Common problems associated with performance constraints within edge computing environments and other distributed systems are addressed by methods and systems disclosed herein. In one aspect, a disclosed information handling system includes an edge device, communicatively coupled to a cloud computing resource, configured to perform disclosed edge operations. In at least one embodiment, the edge device is configured to respond to receiving, from an internet of things (IoT) unit, a numeric value for a parameter of interest by determining a compressed encoding for the numeric value in accordance with a non-lossless or “lossy” compression algorithm. The edge device transmits the compressed encoding of the numeric value to the cloud computing resource.
The cloud computing resource includes a decoder communicatively coupled to the encoder and configured to perform cloud operations. In at least one embodiment, the cloud operations include responding to receiving the compressed encoding by generating an estimate or proxy, referred to herein as a surrogate, for the numeric value. The surrogate may be generated based on or otherwise in accordance with a probability distribution applicable to the parameter of interest.
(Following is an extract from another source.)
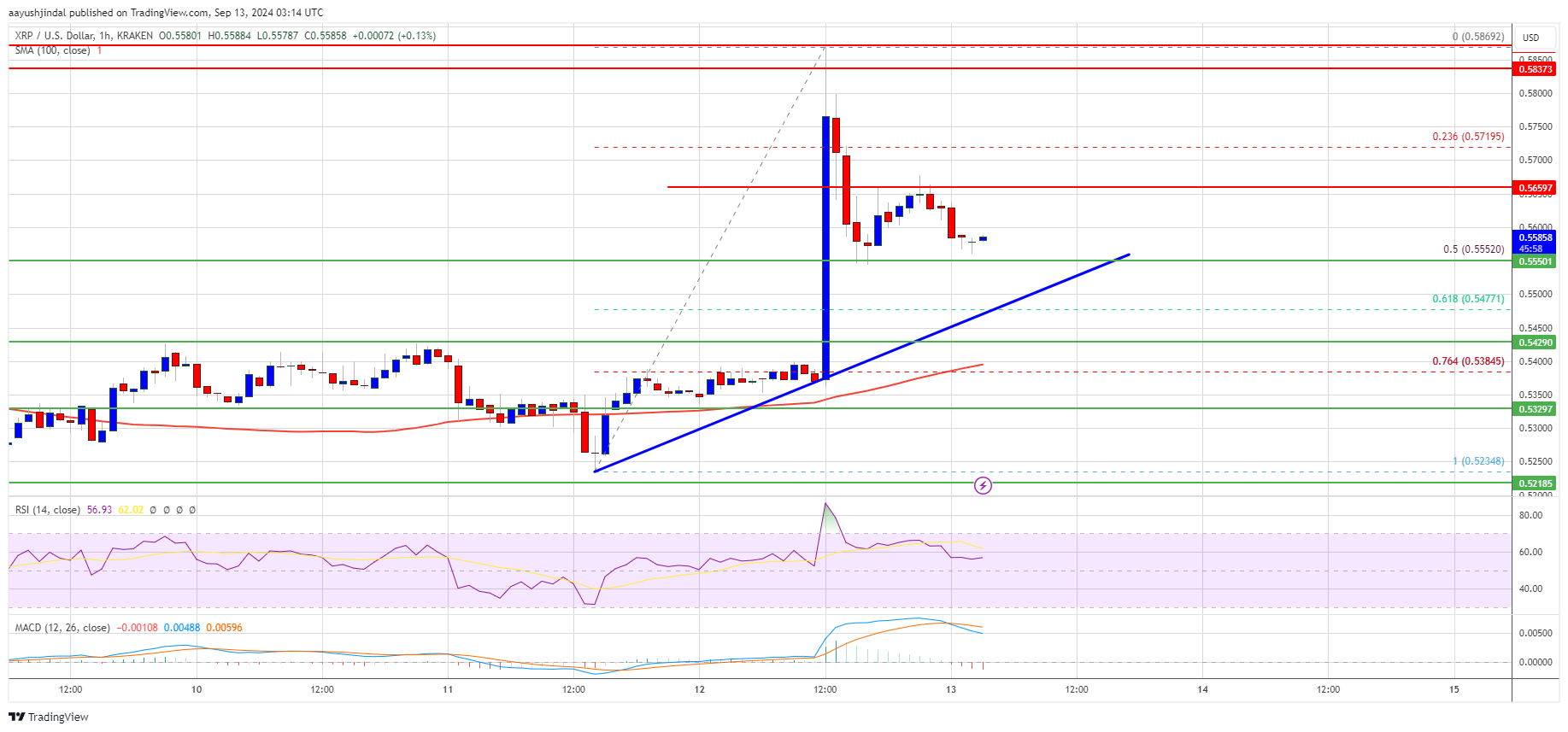 Precio de XRP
In at least one use case, the cloud computing resource includes an artificial intelligence (AI) resource and surrogate values generated by the decoder are used as training data, i.e., to configure a trained model for the AI engine.
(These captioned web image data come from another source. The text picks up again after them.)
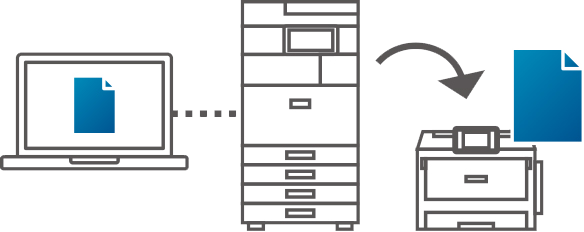 前述の内容を表した図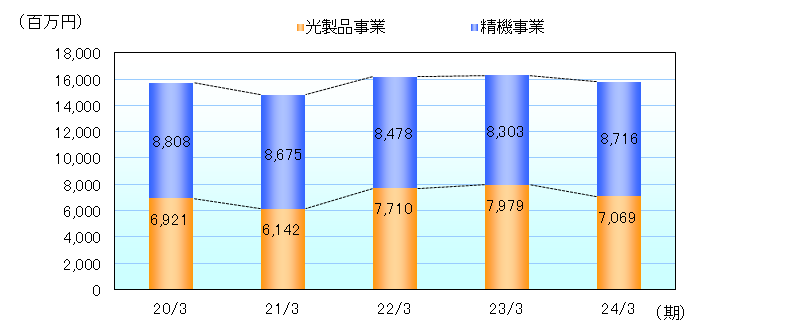 事業セグメント別売上高の推移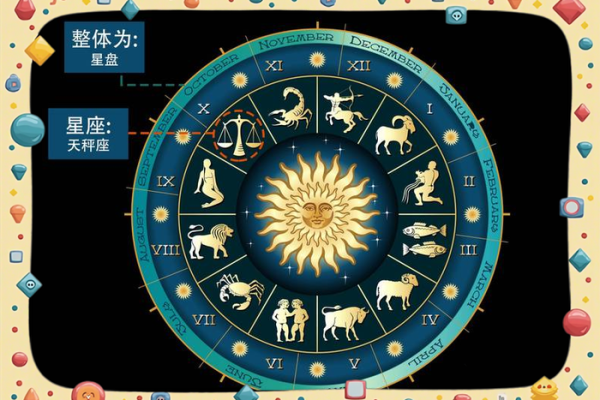 十二星座是按阴历还是阳历-阳历和阴历的辨别方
The lossy compression algorithm may be a clustering algorithm that assigns each numeric value to one of a plurality of clusters derived from historical data. In such embodiments, the compressed encoding may identify the selected cluster. For example, if the plurality of clusters includes a total of four clusters, the compressed encoding may be a 2-bit binary value identifying one of the four clusters as the selected cluster. If the numeric value is represented in any of various familiar formats such as single, double, or extended precision floating point format, it will be readily appreciated that the compressed encoding may be conveyed with a fraction of the data required to convey the numeric value itself.
For embodiments that employ a clustering algorithm to generate the compressed encodings of numeric values, the operations performed by the encoder may include deriving, calculating, initializing or otherwise determining the plurality of clusters from an initial vector of historical values. In such embodiments, each of the plurality of clusters may be defined by small number of parameters including, as an example, a mean value and a variance value indicating, for example, a standard deviation of the cluster. In these embodiments, the plurality of clusters may be entirely conveyed with as little as two n-dimensional vectors where “n” is a hyperparameter corresponding to the number of clusters, sometimes referred to herein as the cluster count. For example, the first n-dimensional vector may indicate the mean value corresponding to each of the n clusters while the second vector may indicate a variance parameter, such as a standard deviation, for each of the n clusters. Thus, the encoder may be configured to access the cluster count and to perform a pre-defined clustering algorithm on a vector of historical values in accordance with the cluster count.
The decoder is configured to generate a surrogate value for each compressed encoding. In some embodiments, depending on the clustering algorithm and the values in the initial vector of values, some or all of the clusters may exhibit a Gaussian distribution characteristic. For such clusters, the decoder may generate a surrogate for each numeric value by simply providing a random input to a Gaussian distribution function. In other embodiments, none or few of the clusters may exhibit Gaussian behavior and, for these clusters, the decoder may invoke a service or other type of functionality to generate an approximation of the density function for the applicable cluster. The ability to utilize non-Gaussian distributions may beneficially enable the use of fewer clusters and thereby further improving the overall efficiency of the system.
Disclosed methods and systems for clustering numeric values, in conjunction with disclosed processes for generating surrogates based on a probability distribution of the clusters, in addition to significantly reducing the amount of data communicated between edge devices and cloud computing resource, inherently and beneficially injects random noise into the training data and thereby results in a more robust and stable training model.
In a second aspect of disclosed edge computing systems and methods, an edge device again determines an initial set of “n” clusters based on historical data and a hyperparameter stipulating the value of “n” In this aspect, however, new values received by the edge device from the IoT unit have been corrupted or poisoned with adversarial data intended to negatively influence the trained model of the AI engine.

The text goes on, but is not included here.